La dématérialisation comme palliatif à nos penchants matérialistes

Ca y’est, après dix ans je déménage. Dans les cartons, je range des centaines de CDs et DVDs qui ne finiront pas sur une étagère, mais à la cave. Pourquoi enlaidir un intérieur rénové dans le style épuré avec ces ribambelles multicolores qui attrapent la poussière?

Heureusement, le format MP3 est dépassé: avec mon abonnement sur Qobuz.com, j’accède à plus de trente millions de titres en streaming et en qualité CD (format FLAC), ou même en haute définition (échantillonné en 24 bits, oui on entend la différence). Tout ça pour le prix de quelques albums par mois.

Une filmothèque: onéreux et futile

Et c’est pareil pour les films. Il y a une vingtaine d’années, je désirais constituer ma filmothèque idéale et achetais des DVDs pour les revoir plus tard. Un acte onéreux et futile dès lors qu’il aurait fallu plusieurs vies pour les visionner… sur un support qui est déjà obsolète. En ligne, l’offre n’est pas aussi abondante que pour la musique, mais les productions disponibles sur Netflix, Swisscom TV et d’autres sites satisfont mes attentes de cinéphile. A la fin, c’est de toute façon le temps qui manque. Un film c’est long, alors que dire des séries!

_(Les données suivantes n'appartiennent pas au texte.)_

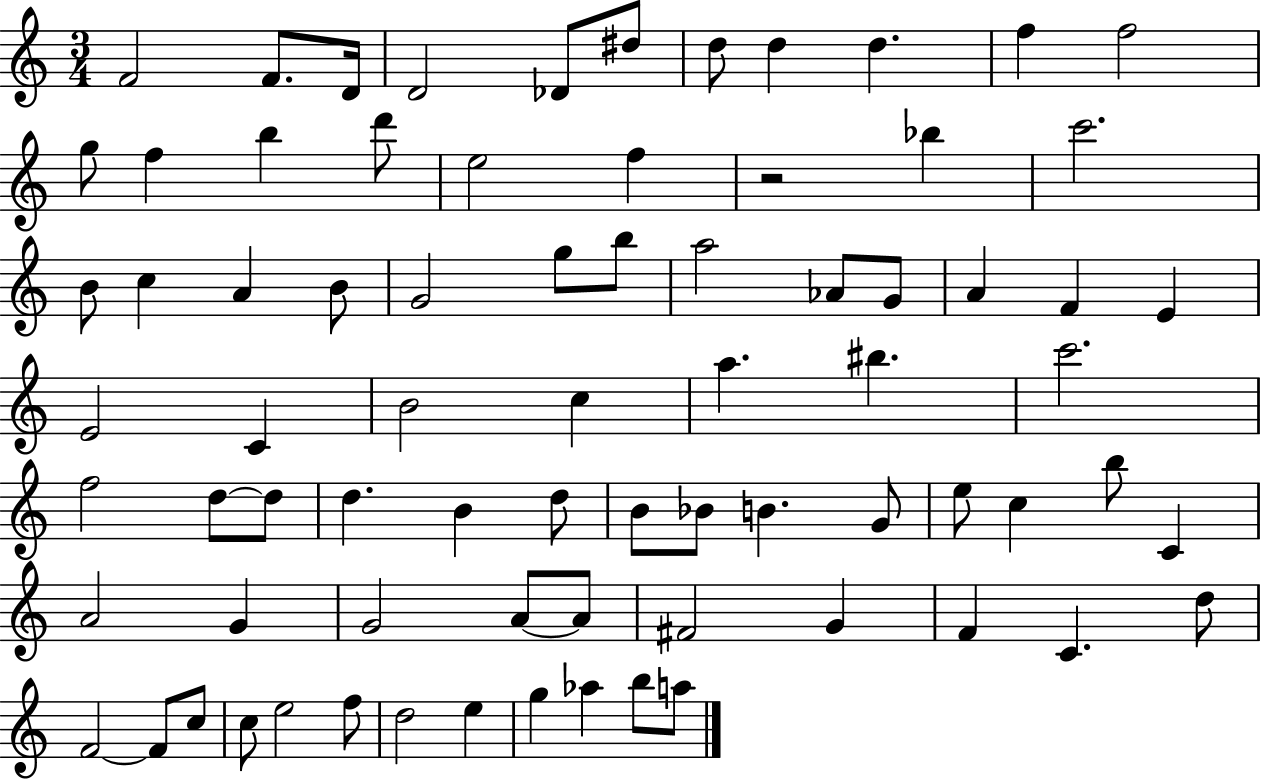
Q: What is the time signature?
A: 3/4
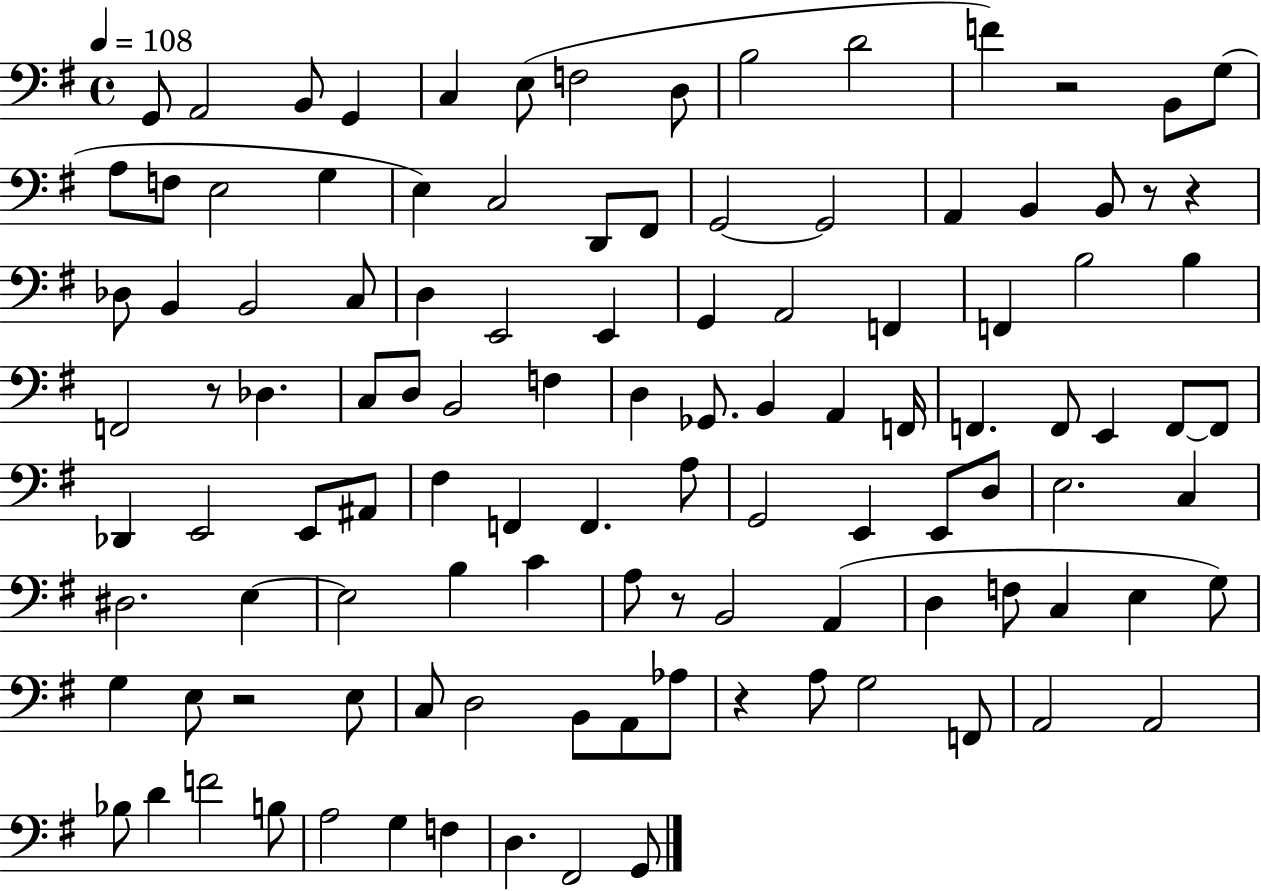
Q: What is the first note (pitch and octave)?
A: G2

Et les livres, ceux en papier? Ils sont les derniers rescapés et vont retrouver la chaleur d’une bibliothèque. Pourtant, le confort de lecture sur ma liseuse Kindle Paperwhite demeure inégalable à mes yeux. Il est probable que les offres de location illimitées aient bientôt raison de cet ultime fétichisme.

Il n’y a plus d’intérêt à posséder ce qui est à portée de clic

Le seul objet qui importe finalement en 2016, c’est son smartphone. Les ados l’ont bien compris; eux qui entretiennent un autre rapport avec la propriété matérielle, ils ne voient plus l’intérêt de posséder ce qui est disponible à portée de clic, et de manière quasi illimitée.

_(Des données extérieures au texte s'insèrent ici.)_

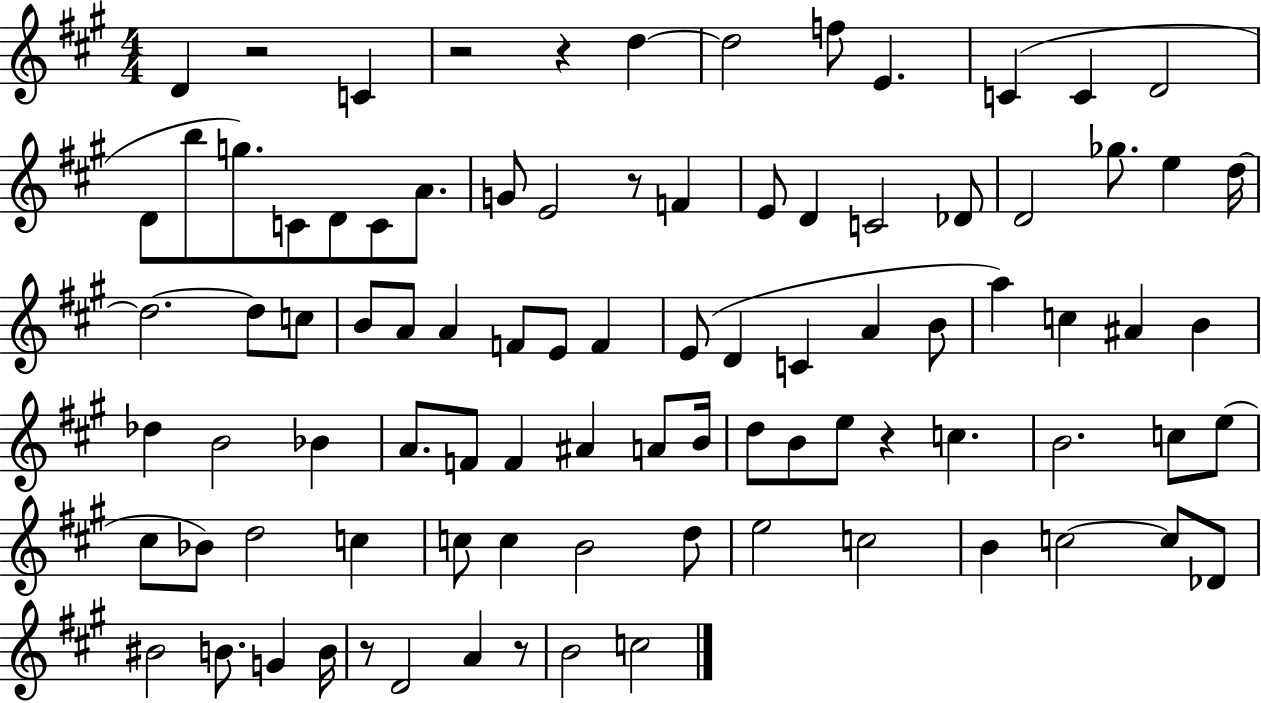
D4/q R/h C4/q R/h R/q D5/q D5/h F5/e E4/q. C4/q C4/q D4/h D4/e B5/e G5/e. C4/e D4/e C4/e A4/e. G4/e E4/h R/e F4/q E4/e D4/q C4/h Db4/e D4/h Gb5/e. E5/q D5/s D5/h. D5/e C5/e B4/e A4/e A4/q F4/e E4/e F4/q E4/e D4/q C4/q A4/q B4/e A5/q C5/q A#4/q B4/q Db5/q B4/h Bb4/q A4/e. F4/e F4/q A#4/q A4/e B4/s D5/e B4/e E5/e R/q C5/q. B4/h. C5/e E5/e C#5/e Bb4/e D5/h C5/q C5/e C5/q B4/h D5/e E5/h C5/h B4/q C5/h C5/e Db4/e BIS4/h B4/e. G4/q B4/s R/e D4/h A4/q R/e B4/h C5/h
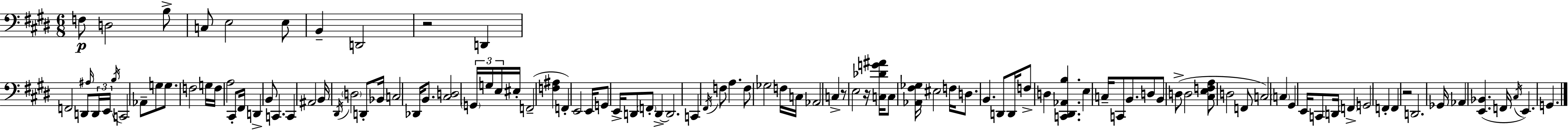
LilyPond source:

{
  \clef bass
  \numericTimeSignature
  \time 6/8
  \key e \major
  f8\p d2 b8-> | c8 e2 e8 | b,4-- d,2 | r2 d,4 | \break f,2 d,8 \grace { ais16 } \tuplet 3/2 { d,16 | e,16 \acciaccatura { b16 } } c,2 aes,8-- | g8 g8. f2 | g16 f16 a2 cis,8-. | \break fis,16 d,4-> b,8 c,4. | c,4 ais,2 | b,16 \acciaccatura { dis,16 } \parenthesize d2 | d,8-. bes,16 c2 des,16 | \break b,8. <cis d>2 \tuplet 3/2 { \parenthesize g,16 | g16 e16 } eis16-. f,2--( <f ais>4 | f,4-.) e,2 | e,16 g,8 e,16-> d,8 \parenthesize f,8-. d,4->~~ | \break d,2. | c,4 \acciaccatura { fis,16 } f8 a4. | f8 ges2 | f16 c16 aes,2 | \break c4-> r8 e2 | r16 <c des' g' ais'>16 c8 <aes, fis ges>16 eis2 | f16 d8. b,4. | d,8 d,16 f8-> d4 <c, dis, aes, b>4. | \break e4 c16-- c,8 b,8. | d8 b,8 d8->( d2 | <cis e f a>8 d2 | f,8 c2) | \break \parenthesize c4 gis,4 e,16 c,8 d,16 | \parenthesize f,4-> g,2 | f,4-. f,4 r2 | d,2. | \break ges,16 aes,4 <e, bes,>4.( | f,16 \acciaccatura { cis16 } e,4.) g,4. | \bar "|."
}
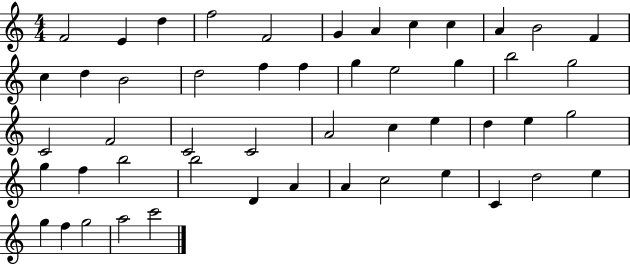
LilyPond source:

{
  \clef treble
  \numericTimeSignature
  \time 4/4
  \key c \major
  f'2 e'4 d''4 | f''2 f'2 | g'4 a'4 c''4 c''4 | a'4 b'2 f'4 | \break c''4 d''4 b'2 | d''2 f''4 f''4 | g''4 e''2 g''4 | b''2 g''2 | \break c'2 f'2 | c'2 c'2 | a'2 c''4 e''4 | d''4 e''4 g''2 | \break g''4 f''4 b''2 | b''2 d'4 a'4 | a'4 c''2 e''4 | c'4 d''2 e''4 | \break g''4 f''4 g''2 | a''2 c'''2 | \bar "|."
}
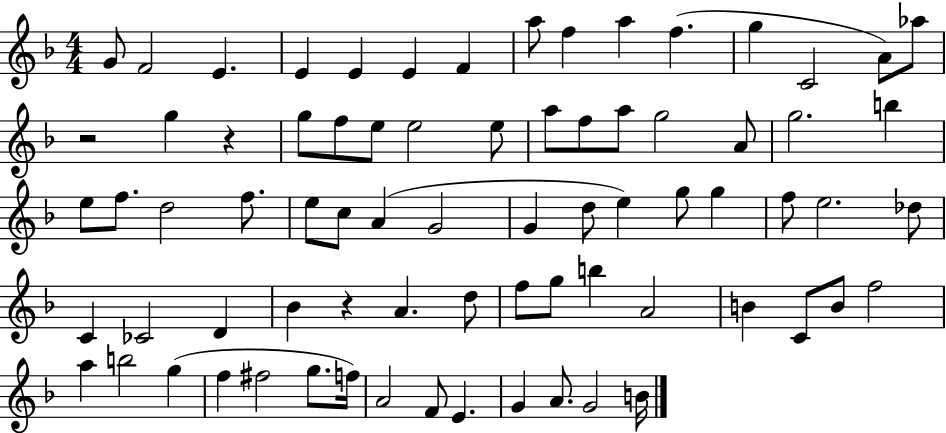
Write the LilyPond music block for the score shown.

{
  \clef treble
  \numericTimeSignature
  \time 4/4
  \key f \major
  g'8 f'2 e'4. | e'4 e'4 e'4 f'4 | a''8 f''4 a''4 f''4.( | g''4 c'2 a'8) aes''8 | \break r2 g''4 r4 | g''8 f''8 e''8 e''2 e''8 | a''8 f''8 a''8 g''2 a'8 | g''2. b''4 | \break e''8 f''8. d''2 f''8. | e''8 c''8 a'4( g'2 | g'4 d''8 e''4) g''8 g''4 | f''8 e''2. des''8 | \break c'4 ces'2 d'4 | bes'4 r4 a'4. d''8 | f''8 g''8 b''4 a'2 | b'4 c'8 b'8 f''2 | \break a''4 b''2 g''4( | f''4 fis''2 g''8. f''16) | a'2 f'8 e'4. | g'4 a'8. g'2 b'16 | \break \bar "|."
}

Les centaines de milliards d’applications téléchargées ne peuvent être sans incidence sur notre tendance à consommer des biens physiques. Ainsi, combien de nos achats compulsifs sont-ils désormais détournés vers les app stores plutôt que des boutiques?

La dématérialisation pourrait-elle avoir un effet palliatif sur nos penchants matérialistes? Si tout doit aujourd’hui tenir dans notre portable, cela vaut aussi pour nos petites addictions.

Blaise Reymondin, spécialiste du marketing digital.